Even at a hearing with three members — still technically capable of voting to grant parole — a single ‘no’ vote becomes a veto, allowing one board member to overrule the other two. Out of all those hearings each year, just three members are present 23.9% of the time, and four members are on-hand 38.6% of the time.
These absences are crucially important to the individuals who must return to prison instead of to their families. To them, each hearing is highly personal. But even to Nebraskans with no personal connection to a prisoner, there is a cost. Each of the governor-appointed board members draws a salary of $84,712, except for chairperson Rosalyn Cotton, who is paid $92,787. All five positions are full-time, and members are barred from holding second jobs.

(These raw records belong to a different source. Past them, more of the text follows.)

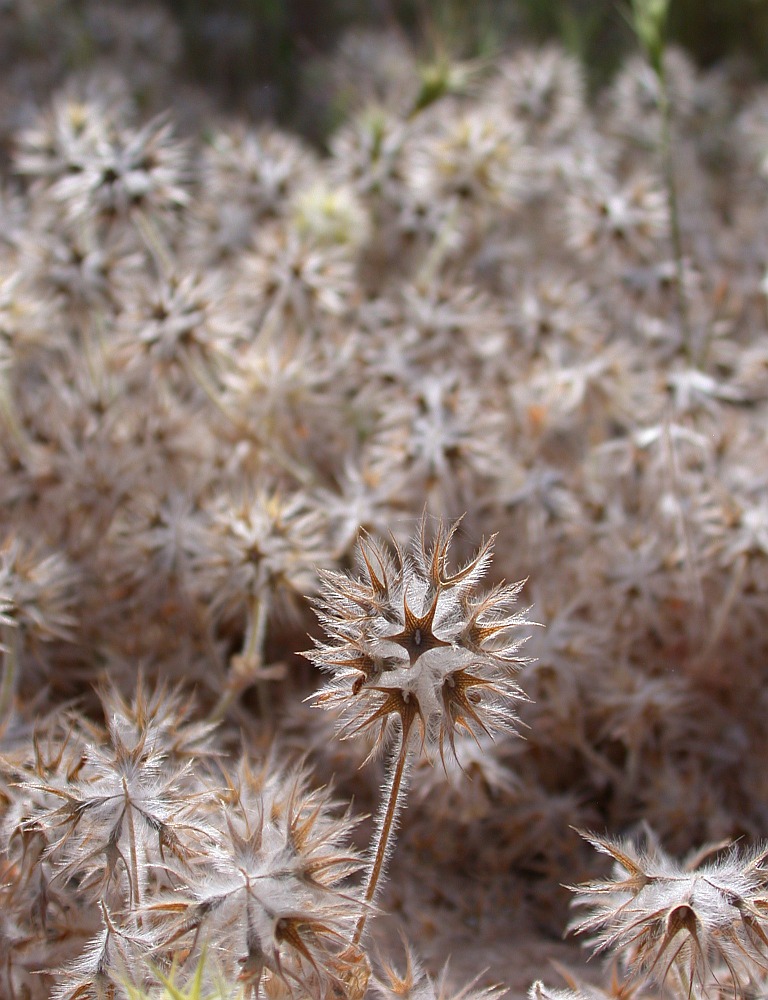 Image of Trifolium stellatum specimen.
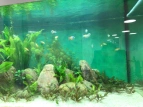 Unser Aquarium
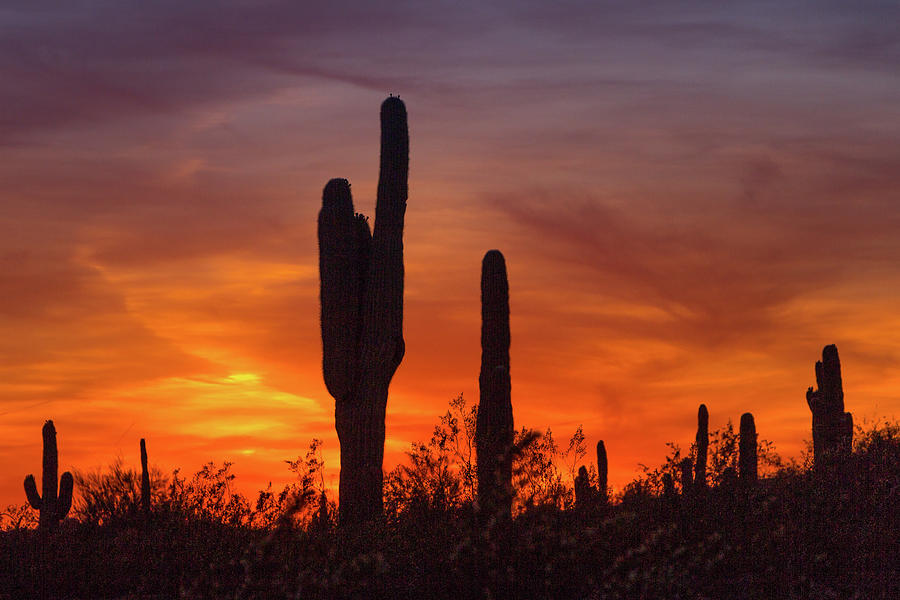 Saguaro Sunset Photograph by Judy Garrard | Fine Art America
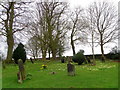 Primroses, Church of St Michael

Although Cotton insists that “the absence or attendance of any individual board member does not … influence the outcome of a particular hearing,” the Flatwater Free Press analysis concluded that board member absences have kept up to 200 prisoners behind bars longer than necessary, also costing the state hundreds of thousands of dollars over the months studied.
Mario Paparozzi, former chairman of New Jersey’s parole board and a prominent parole researcher, points out that even a single absent member can disrupt the balance of ideologies represented by the full board. He does not agree that these absences have no effect on hearing outcomes, saying “If you’re a parole board member, you should be at the hearings, period.”